Group revenue was down 2.8% to US$465.5 million, 3% lower from US$478.7 million in 1Q16 year, due to lower non-branded sales in the US.

This was partially because its US subsidiary, Del Monte Foods Inc (DMFI), which accounted for 75% of 1Q’s group sales, generated 6% lower revenue from the prior year due to the continued impact of unbranded sales.

In a Thursday filing, Del Monte says DMFI historically incurs a loss in the first quarter, which is seasonally its weakest quarter and accounts for only 19%-21% of full-year sales.

The losses were partially offset by the group’s operating profit, which more than doubled to US$6.8 million due to the rise of operating margin by 0.9 percentage points.

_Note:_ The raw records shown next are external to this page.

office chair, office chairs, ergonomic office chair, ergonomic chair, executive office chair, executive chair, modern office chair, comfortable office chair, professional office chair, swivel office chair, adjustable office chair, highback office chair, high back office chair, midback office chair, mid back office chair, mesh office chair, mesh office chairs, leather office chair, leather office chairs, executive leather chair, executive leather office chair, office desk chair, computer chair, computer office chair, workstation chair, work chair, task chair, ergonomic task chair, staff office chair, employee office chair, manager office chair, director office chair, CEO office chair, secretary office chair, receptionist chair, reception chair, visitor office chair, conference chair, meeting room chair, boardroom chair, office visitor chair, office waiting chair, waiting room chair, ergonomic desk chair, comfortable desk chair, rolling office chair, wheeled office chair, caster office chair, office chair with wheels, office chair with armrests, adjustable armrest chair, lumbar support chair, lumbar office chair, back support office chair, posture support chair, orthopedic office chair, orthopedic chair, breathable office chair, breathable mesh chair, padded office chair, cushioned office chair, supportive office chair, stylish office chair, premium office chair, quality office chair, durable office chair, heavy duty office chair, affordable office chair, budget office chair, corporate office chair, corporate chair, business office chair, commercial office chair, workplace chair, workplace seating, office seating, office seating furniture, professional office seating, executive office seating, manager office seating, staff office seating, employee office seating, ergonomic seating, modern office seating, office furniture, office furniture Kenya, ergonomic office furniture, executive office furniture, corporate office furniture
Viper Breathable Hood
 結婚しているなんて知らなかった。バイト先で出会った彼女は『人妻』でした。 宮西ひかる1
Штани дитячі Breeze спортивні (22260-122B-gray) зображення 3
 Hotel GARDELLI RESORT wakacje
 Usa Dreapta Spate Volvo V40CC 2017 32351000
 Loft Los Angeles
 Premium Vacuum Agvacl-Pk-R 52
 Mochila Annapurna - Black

Del Monte also reported strong performances in the Philippines under the Del Monte brand, with sales up 14% in peso terms; as well as sales of the S&W branded business in Asia and the Middle East, which rose 12% in the first quarter mainly due to strong sales of canned fruit in North Asia on the back of improved distribution.

EBITDA was 20% higher than the prior year at US$23.7 million, which would have stood at US$28.6 million, if it was not dragged down by US$4.9 million of one-off expenses before tax, which included closure of the group’s North Carolina plant. The higher EBITDA was due to lower operating expenses, which resulted from initial savings from a restructuring that started in FY2016.

“With the first quarter being seasonally the weakest quarter in the US, we expect improved profitability in the coming quarters,” says Joselito D Campos, Jr, managing director and group CEO of Del Monte.

“We continue to align operations with our strategic direction to strengthen the group’s core business, gain market share, increase margins and expand into adjacent categories as part of a long-range plan to grow our sales and profits in the years ahead.”

Del Monte says it will continue to be profitable for FY17.

As at 9:25 a.m., shares of Del Monte Pacific are trading 1.35% lower at 36.5 Singaporean cents.